<<<<

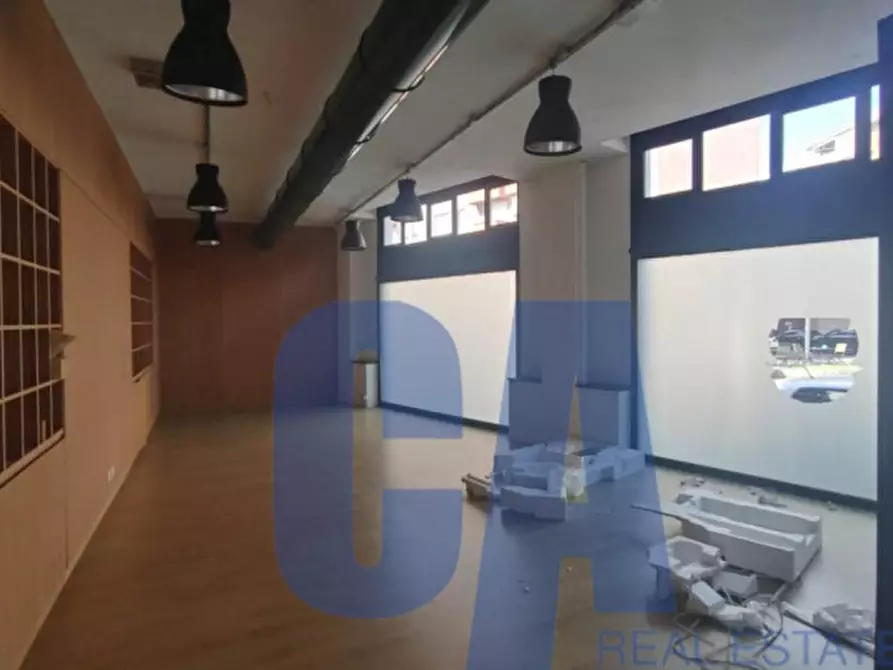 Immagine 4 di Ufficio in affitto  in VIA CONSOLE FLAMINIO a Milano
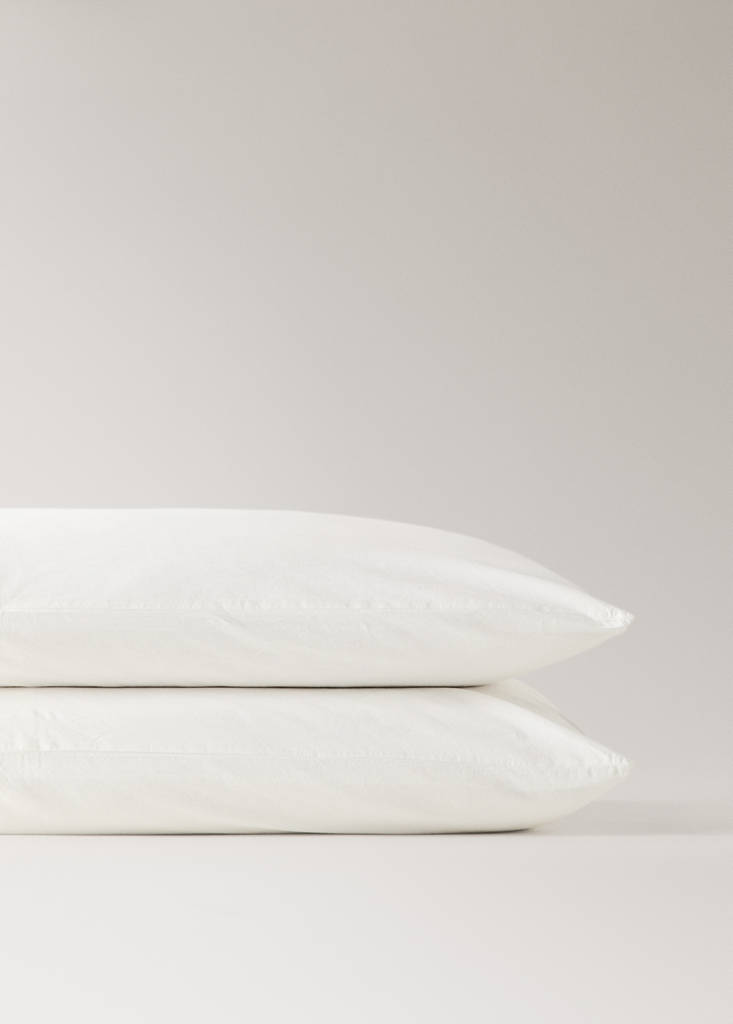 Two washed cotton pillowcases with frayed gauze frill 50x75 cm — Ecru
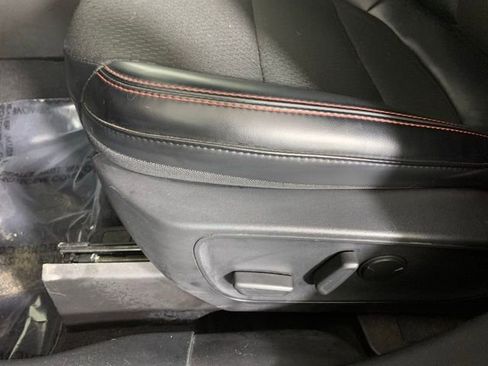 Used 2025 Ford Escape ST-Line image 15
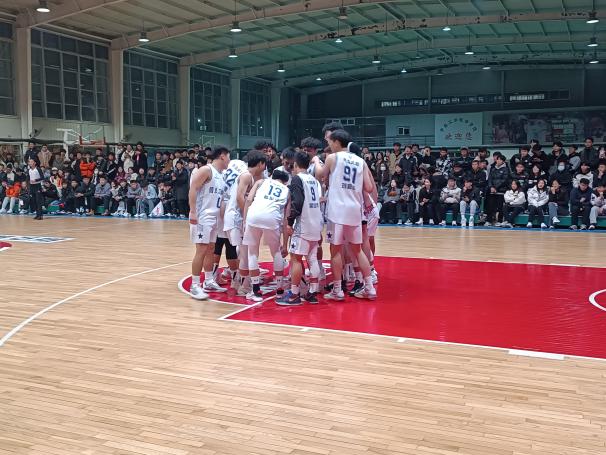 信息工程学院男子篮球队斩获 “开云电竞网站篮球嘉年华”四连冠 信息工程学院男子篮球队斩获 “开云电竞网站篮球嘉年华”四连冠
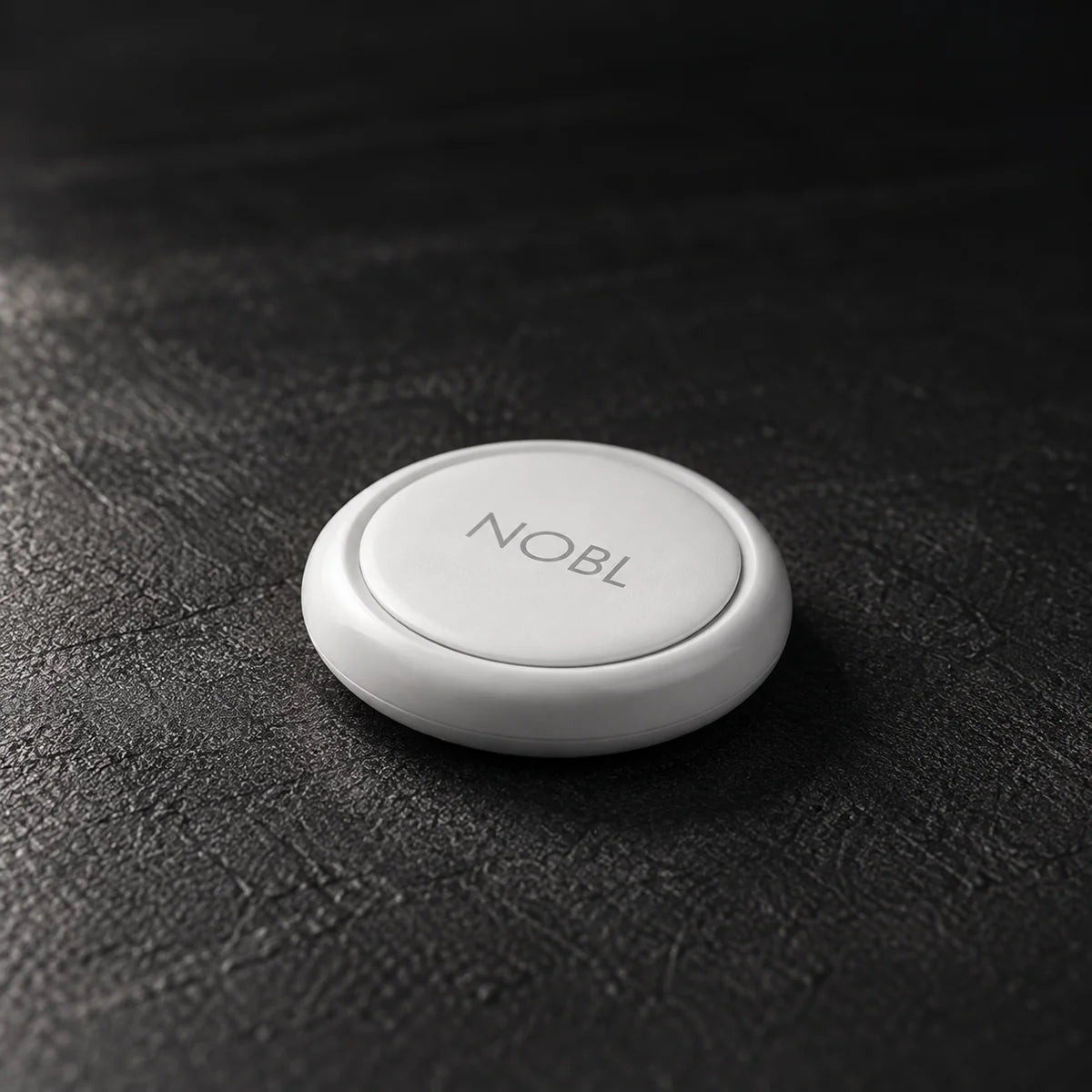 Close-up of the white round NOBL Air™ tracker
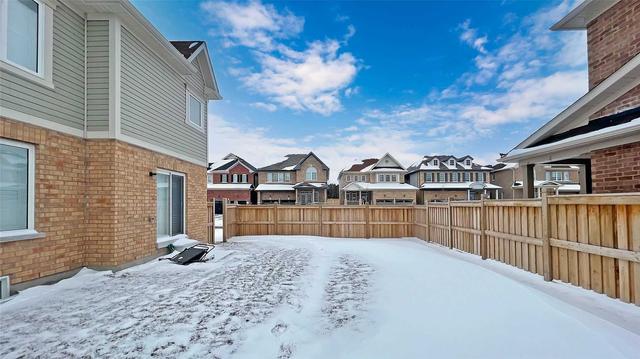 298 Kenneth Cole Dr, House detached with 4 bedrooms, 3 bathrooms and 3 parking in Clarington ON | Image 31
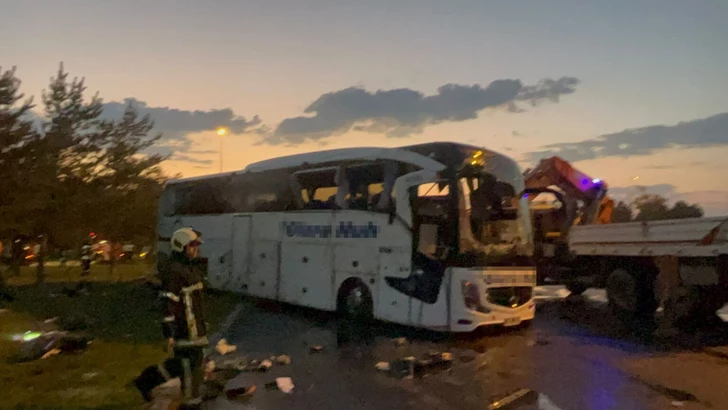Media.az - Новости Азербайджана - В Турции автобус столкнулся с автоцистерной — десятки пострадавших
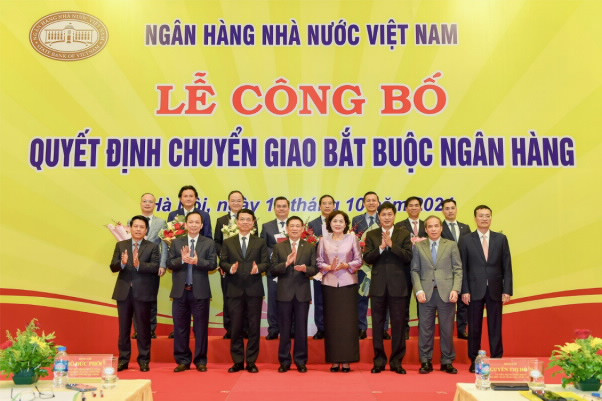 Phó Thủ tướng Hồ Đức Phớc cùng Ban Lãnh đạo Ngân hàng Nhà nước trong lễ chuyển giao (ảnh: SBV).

>>>>

* [PROBLEM]: Leave out the pictures, and retype exactly the lines from the one containing "Used 2025 Ford Escape ST-Line image 15" through the final line of the data.

* [FINISHED TASK]:
 Used 2025 Ford Escape ST-Line image 15
 信息工程学院男子篮球队斩获 “开云电竞网站篮球嘉年华”四连冠 信息工程学院男子篮球队斩获 “开云电竞网站篮球嘉年华”四连冠
 Close-up of the white round NOBL Air™ tracker
 298 Kenneth Cole Dr, House detached with 4 bedrooms, 3 bathrooms and 3 parking in Clarington ON | Image 31
Media.az - Новости Азербайджана - В Турции автобус столкнулся с автоцистерной — десятки пострадавших
 Phó Thủ tướng Hồ Đức Phớc cùng Ban Lãnh đạo Ngân hàng Nhà nước trong lễ chuyển giao (ảnh: SBV).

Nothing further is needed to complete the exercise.